Santé mentale déclarée grande cause 2025, mais le Passport bipolaire oublié
Auteur :
Idir Boumertit
— La France insoumise - Nouveau Front Populaire
(Rhône · 14ᵉ circ.)
Ministère interrogé : Ministère auprès de la ministre du travail, de la santé, de la solidarité et des familles, chargé de la santé et de l’accès aux soins
Ministère attributaire : Ministère de la santé, des familles, de l’autonomie et des personnes handicapées
Rubrique : santé
Date de la question : 2025-09-09
Date de la réponse : —
Texte de la question
M. Idir Boumertit attire l'attention de M. le ministre auprès de la ministre du travail, de la santé, de la solidarité et des familles, chargé de la santé et de l'accès aux soins, sur l'avenir du dispositif « Passport bipolaire », expérimenté dans le cadre de l'article 51 de la loi de financement de la sécurité sociale pour 2018. Ce dispositif, mis en œuvre notamment au sein des centres experts bipolaires, a pris fin le 20 septembre 2024. Conformément au cadre réglementaire des expérimentations « article 51 », une décision du comité technique de l'innovation en santé (CTIS) devait intervenir dans un délai de six mois, soit au plus tard le 20 mars 2025, afin de déterminer si cette expérimentation devait être arrêtée ou intégrée dans le droit commun.

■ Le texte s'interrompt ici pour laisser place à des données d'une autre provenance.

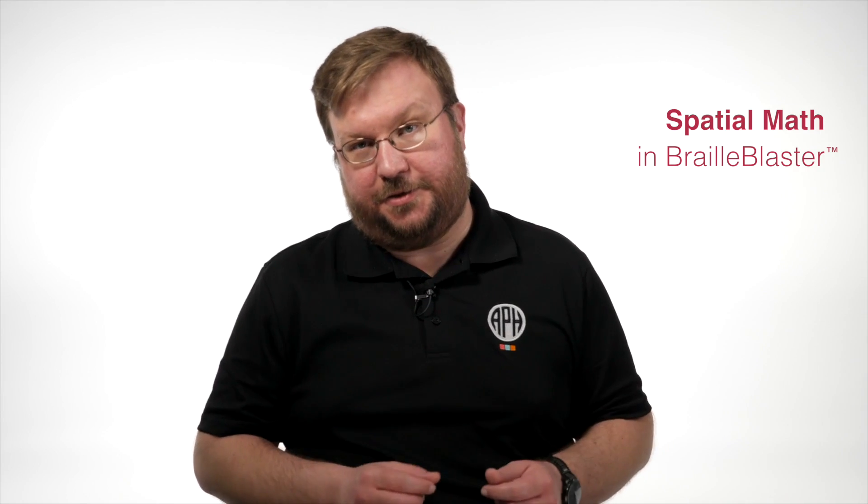Hi, I'm William Freeman from APH. Today we're going to talk about spatial math in BrailleBlaster.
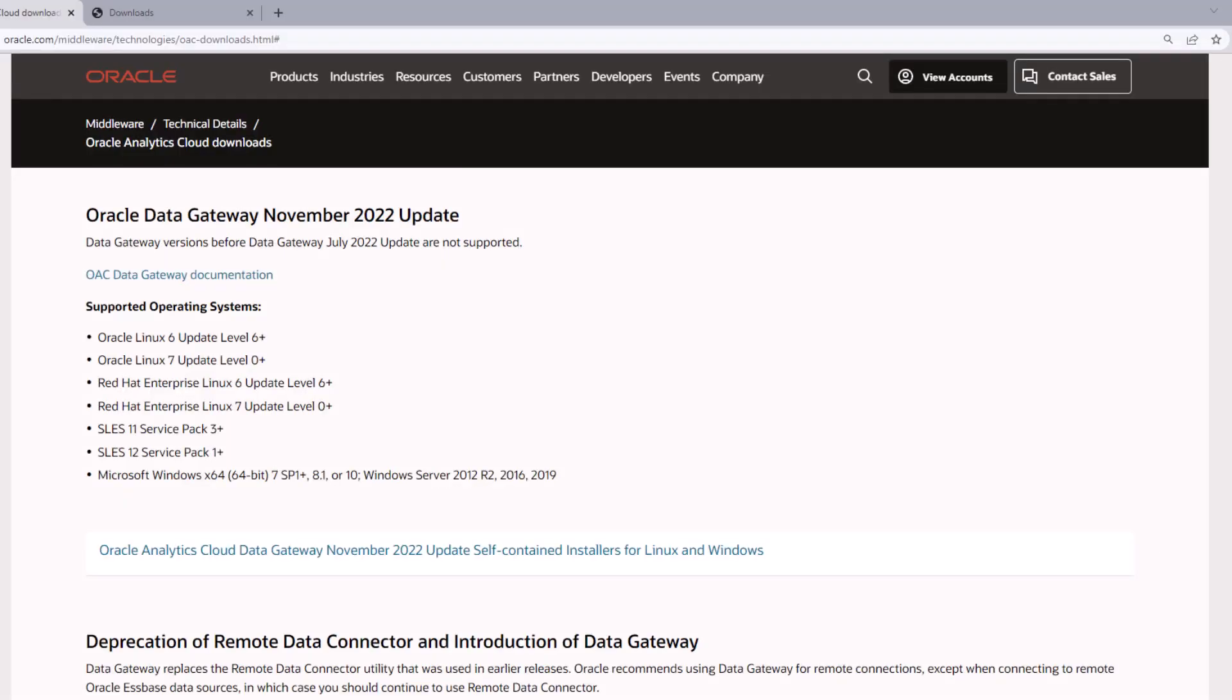Oracle data gateway can be downloaded from the official website of Oracle Analytics Cloud Downloads. It is currently supported for both Windows and Linux operating systems. Use the link provided here to download the Oracle data gateway installer for both Linux and Windows.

Or à ce jour, aucune réponse n'a été rendue publique. Cette absence de décision plonge les patients, leurs familles et les professionnels de santé dans une situation d'incertitude insoutenable. Le Passport bipolaire avait pourtant montré son efficacité en matière de suivi et de coordination des soins pour les personnes vivant avec un trouble bipolaire, pathologie identifiée par l'Organisation mondiale de la santé comme l'une des plus invalidantes. Ce cas n'est malheureusement pas isolé. Il illustre une précarité réglementaire devenue la norme sous la présidence d'Emmanuel Macron : multiplication d'expérimentations, délais non respectés et trop souvent abandon pur et simple de dispositifs pourtant plébiscités par les usagers et les acteurs de terrain. Ces arrêts brutaux privent les administrés d'outils indispensables et posent un véritable problème de continuité du service public, pourtant principe fondamental de notre droit. Alors que la santé mentale a été désignée grande cause nationale en 2025, il lui demande pour quelles raisons la décision du CTIS n'a pas été rendue dans les délais légaux et quelles dispositions il entend prendre pour mettre fin à ces pratiques d'instabilité réglementaire, afin d'assurer la continuité et la généralisation du dispositif « Passport bipolaire ».
Réponse ministérielle
Aucune réponse ministérielle publiée à ce jour.
Données brutes (debug)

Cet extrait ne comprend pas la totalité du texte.